MY KOLKATA EDUGRAPH
ADVERTISEMENT
Regular-article-logo Monday, 21 July 2025

Thackeray county

Read more below

SOUMITRA DAS Published 05.09.10, 12:00 AM

A friend called me on my mobile the other day as he was driving down Free School Street and was passing by Armenian College. He had spied the all-too-familiar marble plaque declaring that the novelist, William Makepeace Thackeray, was born in house number 56B in that street on July 18, 1811, and stumbled upon the fact that the great Victorian novelist’s bicentenary is a year away.

Thackeray, whose work has been filmed by the likes of Stanley Kubrick (The Luck of Barry Lydon) and Mira Nair (Vanity Fair), was born in India. His work features many veterans who had served here, but he never returned to the country after his mother, Anne Becher, sent him to England following his father’s death.

William’s father, Richmond Thackeray, was the collector of the 24-Parganas in Bengal. His grandfather, also named William, was the first collector of Sylhet and both the novelist’s grandparents and parents were married at St John’s church.

William went to Charterhouse and at Trinity College, Cambridge, but gave up his studies, having gambled away some of his inheritance.

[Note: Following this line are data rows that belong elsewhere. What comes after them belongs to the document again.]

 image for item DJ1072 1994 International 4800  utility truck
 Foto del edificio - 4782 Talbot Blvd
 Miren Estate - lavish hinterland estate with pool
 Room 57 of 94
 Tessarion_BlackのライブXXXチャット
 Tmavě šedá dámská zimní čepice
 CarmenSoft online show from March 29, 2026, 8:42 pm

He went to Germany and met Goethe, studied law at the Middle Temple, London, but had little enthusiasm to continue his studies. He lost his fortune in the Indian bank failures.

After art studies in Paris, Thackeray returned to London and started his career as a journalist. His wife’s insanity forced him to take up writing in right earnest. Satire and parody were his forte and the most notable novels he produced were Pendennis, The Newcomes and The History of Henry Esmond. The best-known of his works is Vanity Fair, the roistering story of epic proportions of English society in the Napoleonic Wars and the early 19th century, with its vast cast of characters who indulged in “a great quantity of eating and drinking, making love and jilting, laughing and the contrary, smoking, cheating, fighting, dancing and fiddling:…”

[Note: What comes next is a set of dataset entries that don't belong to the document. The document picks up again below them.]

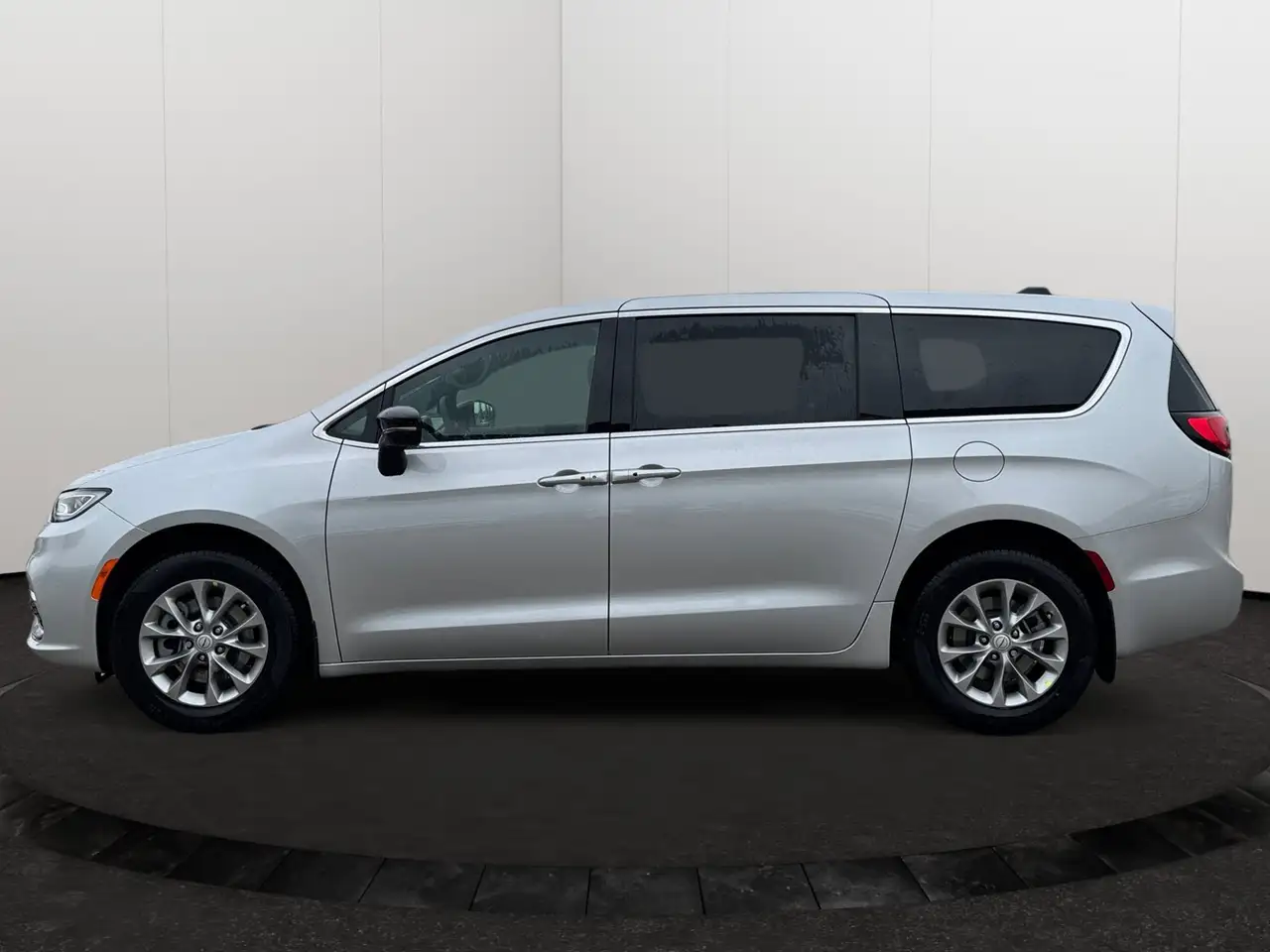 Chrysler Pacifica снимка Chrysler Pacifica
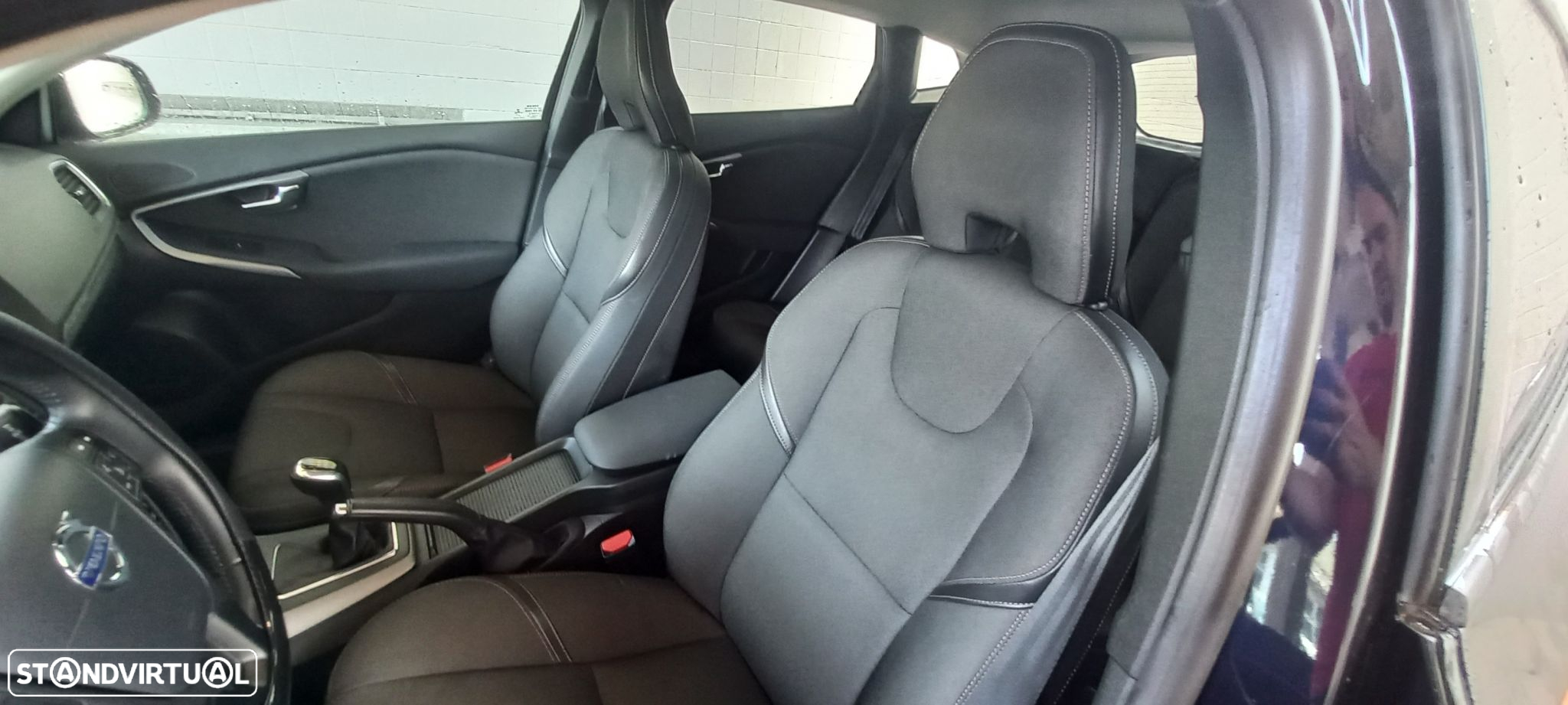 Volvo V40 2.0 D2 Kinetic - 15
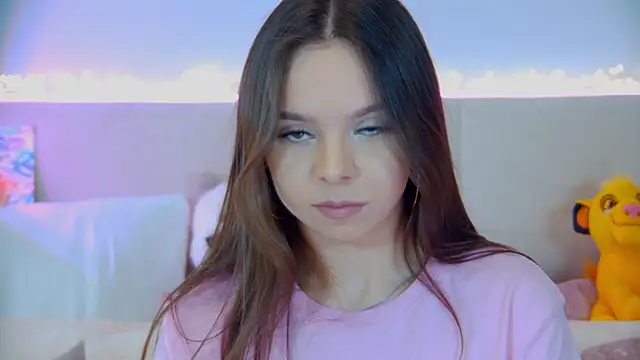 Snapshot of ElisabethDavis chatting on 03/06/25, 09:42 ElisabethDavis online show from 03/06/25, 09:42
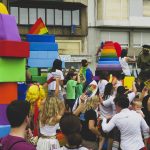 Xixón celebra un multitudinariu desilfe del arguyu LGTB+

Thackeray died at the age of 52 in 1863 and was buried at Kensal Green Cemetery in London.

Short-lived though his stay in Calcutta was, Thackeray’s father left his mark on the map of Calcutta. Thackeray Road runs along the high walls of Presidency jail through a semi-rural area of Alipore adjacent to Tolly’s Nullah.

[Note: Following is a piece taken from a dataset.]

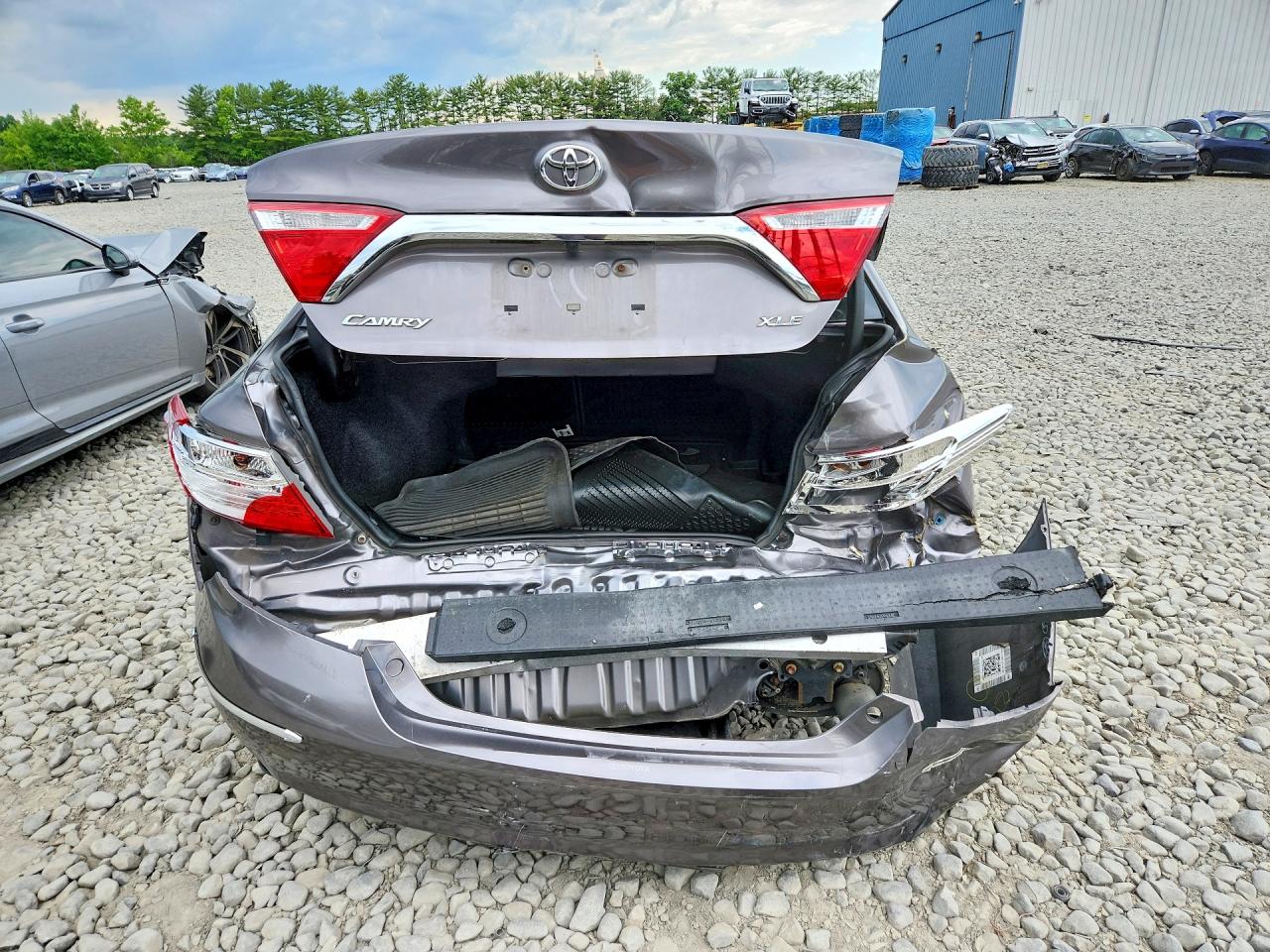 2017 TOYOTA CAMRY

On the left of the wall are shacks of the jail employees amidst jungles of bushes and trees alongside khatals, sheds for cows. Some women, either jail employees themselves or their wives, people whose forefathers were from Bihar, gather around a tiny shrine to sing folk bhajans before sunset. Thackeray Road twists and turns through such picturesque environs, when a big bungalow comes in sight on the left amidst a jungle of weeds and groves of tall deodar trees. It has a porte cochere, and nobody seems to have tinkered with the structure. A few steps ahead to the right is a grander bungalow of gleaming white and olive green. It is obvious that it has been modernised, and has in the process lost many of its original features.

A high wall runs around it enclosing a large garden and lawn. This is the home of the district magistrate of South 24-Parganas, now occupied by Khalil Ahmed, IAS.

H.E.A. Cotton records the existence of two tablets at the entrance to the collector’s house. “The tablet upon our left tells us that ‘In this house resided Sir Philip Francis, Member of Warren Hastings’ Council from 1774 to 1780 AD.’ And the second: ‘William Makepeace Thackeray, the novelist, also lived here during his infancy, from 1812 to 1815’.”

The tablets were not there. Khalil Ahmed’s name was there instead. But after crossing the porte cochere, I discovered both the tiny plaques in the corridor. The ground floor is used by the staff, and on the right is a wooden staircase with elegant cast-iron rails. The Ahmeds live on the first floor, and amidst the domestic clutter it is easy to identify some pieces of old furniture, an easy chair on the spacious verandah, a carved dinner table and some other smaller pieces glowing with dark varnish. Behind the building is a lawn surrounded by trees.

The groundfloor staircase behind the house still boasts the original flagstones. In the front entrance the stones have been replaced by marble. The verandahs are still shaded by louvres which enhance the building’s grace.

Thackeray Road wends past this house to meet a large field, slushy even after a drizzle. Urchins play football, while a large, brownish shaggy dog takes rest in one corner. A signboard says it is the special training centre for the prison guard force of Calcutta police, 2004.